For reform to succeed, it needs three interactive elements: 1) it must create a roadmap to citizenship for 11 million immigrants here without immigration papers; 2) it must create an orderly 21st century legal immigration system that reunites families and grows our economy, and; 3) it must keep our borders secure and it must require that employers verify that all employees are legal.

Done well, and done together, this combination will produce a system in which immigrants living in America are here legally, immigrants who come in the future are admitted legally and employers who break the law be held accountable. The result will be immigration policies that reflect our traditions as both a nation of immigrants and a nation of laws.

Our immigration laws ought to reflect both our interests, and our values as Americans. As Americans, we have the right to decide who lives within our borders, and we can't let unscrupulous employers to undercut honest business owners by exploiting cheap labor. But we need to treat this as a problem to be solved, not as an opportunity for politicians to score political points by preying on both our legitimate concerns and our prejudices.
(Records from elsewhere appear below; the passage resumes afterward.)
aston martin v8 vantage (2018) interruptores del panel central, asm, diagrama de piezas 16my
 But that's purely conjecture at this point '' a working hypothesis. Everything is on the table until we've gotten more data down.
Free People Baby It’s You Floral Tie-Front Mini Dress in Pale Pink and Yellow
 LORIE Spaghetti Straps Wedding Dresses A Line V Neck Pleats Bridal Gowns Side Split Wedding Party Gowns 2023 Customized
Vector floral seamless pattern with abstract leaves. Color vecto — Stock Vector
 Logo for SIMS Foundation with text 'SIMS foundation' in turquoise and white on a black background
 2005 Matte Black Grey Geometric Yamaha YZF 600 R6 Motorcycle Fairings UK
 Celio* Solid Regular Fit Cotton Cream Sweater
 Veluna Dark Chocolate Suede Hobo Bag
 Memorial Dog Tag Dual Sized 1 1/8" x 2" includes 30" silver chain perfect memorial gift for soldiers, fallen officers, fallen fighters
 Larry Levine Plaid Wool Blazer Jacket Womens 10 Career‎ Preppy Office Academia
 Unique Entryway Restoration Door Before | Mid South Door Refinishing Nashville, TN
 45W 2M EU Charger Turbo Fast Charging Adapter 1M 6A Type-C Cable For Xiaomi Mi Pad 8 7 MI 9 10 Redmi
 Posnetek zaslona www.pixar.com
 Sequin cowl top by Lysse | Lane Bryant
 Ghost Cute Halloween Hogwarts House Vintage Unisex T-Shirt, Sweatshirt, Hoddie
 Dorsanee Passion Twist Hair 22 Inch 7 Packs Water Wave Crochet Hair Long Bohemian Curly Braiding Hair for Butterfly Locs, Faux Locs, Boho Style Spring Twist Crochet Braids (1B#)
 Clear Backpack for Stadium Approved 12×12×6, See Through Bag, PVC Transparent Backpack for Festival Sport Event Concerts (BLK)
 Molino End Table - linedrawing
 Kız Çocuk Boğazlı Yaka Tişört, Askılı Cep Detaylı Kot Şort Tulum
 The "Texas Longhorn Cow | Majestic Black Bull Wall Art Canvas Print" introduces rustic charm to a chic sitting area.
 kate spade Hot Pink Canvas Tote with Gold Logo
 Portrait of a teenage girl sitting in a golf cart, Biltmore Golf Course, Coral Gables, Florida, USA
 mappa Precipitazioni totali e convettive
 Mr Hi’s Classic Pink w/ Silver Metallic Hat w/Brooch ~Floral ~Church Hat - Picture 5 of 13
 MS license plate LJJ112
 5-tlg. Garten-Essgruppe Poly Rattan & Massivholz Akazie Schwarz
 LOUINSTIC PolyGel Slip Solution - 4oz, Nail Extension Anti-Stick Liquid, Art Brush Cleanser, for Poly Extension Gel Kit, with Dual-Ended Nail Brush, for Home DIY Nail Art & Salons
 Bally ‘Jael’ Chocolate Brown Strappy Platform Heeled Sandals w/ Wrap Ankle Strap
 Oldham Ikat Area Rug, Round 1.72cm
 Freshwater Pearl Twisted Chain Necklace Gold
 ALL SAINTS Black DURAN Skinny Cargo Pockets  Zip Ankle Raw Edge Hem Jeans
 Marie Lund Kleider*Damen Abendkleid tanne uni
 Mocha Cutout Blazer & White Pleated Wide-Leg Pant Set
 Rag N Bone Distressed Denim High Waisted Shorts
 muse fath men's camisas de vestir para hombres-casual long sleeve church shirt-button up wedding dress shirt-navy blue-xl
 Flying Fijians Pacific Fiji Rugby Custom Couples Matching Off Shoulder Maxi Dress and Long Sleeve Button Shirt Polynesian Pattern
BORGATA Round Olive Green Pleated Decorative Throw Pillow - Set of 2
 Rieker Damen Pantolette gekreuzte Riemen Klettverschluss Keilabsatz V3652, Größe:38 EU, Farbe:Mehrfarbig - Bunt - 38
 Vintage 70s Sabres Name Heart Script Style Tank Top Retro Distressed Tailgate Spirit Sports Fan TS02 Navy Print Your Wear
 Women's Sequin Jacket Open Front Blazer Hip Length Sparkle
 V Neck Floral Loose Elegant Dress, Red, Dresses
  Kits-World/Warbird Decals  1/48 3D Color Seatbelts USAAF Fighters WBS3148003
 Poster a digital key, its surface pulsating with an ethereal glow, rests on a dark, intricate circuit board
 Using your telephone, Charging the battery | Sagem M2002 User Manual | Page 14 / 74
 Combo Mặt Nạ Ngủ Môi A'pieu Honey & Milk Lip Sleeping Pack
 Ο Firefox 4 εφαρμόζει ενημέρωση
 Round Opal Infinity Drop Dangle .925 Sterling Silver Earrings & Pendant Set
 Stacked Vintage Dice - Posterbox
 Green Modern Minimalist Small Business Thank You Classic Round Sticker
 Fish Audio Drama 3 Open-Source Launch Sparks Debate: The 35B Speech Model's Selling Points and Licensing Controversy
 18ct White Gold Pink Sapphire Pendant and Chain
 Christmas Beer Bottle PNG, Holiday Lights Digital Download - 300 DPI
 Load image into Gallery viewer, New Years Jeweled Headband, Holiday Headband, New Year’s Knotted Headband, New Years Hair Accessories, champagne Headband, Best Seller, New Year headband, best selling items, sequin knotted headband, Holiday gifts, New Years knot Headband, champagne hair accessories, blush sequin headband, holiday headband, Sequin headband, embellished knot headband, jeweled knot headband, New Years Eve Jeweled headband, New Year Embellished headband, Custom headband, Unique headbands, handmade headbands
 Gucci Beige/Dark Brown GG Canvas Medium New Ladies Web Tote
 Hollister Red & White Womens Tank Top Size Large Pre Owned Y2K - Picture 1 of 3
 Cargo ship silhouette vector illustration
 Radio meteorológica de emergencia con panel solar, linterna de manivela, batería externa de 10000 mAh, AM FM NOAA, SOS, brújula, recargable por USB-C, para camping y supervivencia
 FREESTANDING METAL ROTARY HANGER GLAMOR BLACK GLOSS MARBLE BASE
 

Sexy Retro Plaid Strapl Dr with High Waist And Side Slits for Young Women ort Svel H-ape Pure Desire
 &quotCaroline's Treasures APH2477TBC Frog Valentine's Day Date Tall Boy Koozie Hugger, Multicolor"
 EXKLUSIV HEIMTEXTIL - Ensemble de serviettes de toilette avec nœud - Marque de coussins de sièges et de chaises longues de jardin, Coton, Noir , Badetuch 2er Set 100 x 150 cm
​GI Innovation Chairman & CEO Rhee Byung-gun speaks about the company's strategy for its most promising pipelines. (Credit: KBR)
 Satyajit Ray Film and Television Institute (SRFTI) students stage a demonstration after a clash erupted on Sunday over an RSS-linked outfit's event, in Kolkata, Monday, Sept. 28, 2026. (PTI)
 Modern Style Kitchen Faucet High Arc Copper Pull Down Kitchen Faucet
We are a nation of laws, but we are also a nation of immigrants. Most Americans have parents or grandparents who immigrated to this country, and we know the hardships they faced, from learning the language to dealing with prejudice. So let's secure our borders, require employers to comply with common-sense laws that benefit our country, and expect immigrants who want to stay here to do what people who have come to our shores in search of a better life have always done: obey our laws, learn our language, and pay our taxes, while earning the chance to become tax-paying American citizens.

The president and the Senate's proposals for immigration reform are a move in the right direction in ensuring America's economy, military, and global competitiveness are strengthened. We have a responsibility to ensure that comprehensive immigration reform is successful in the 113th Congress, and I truly believe the we will get the job done.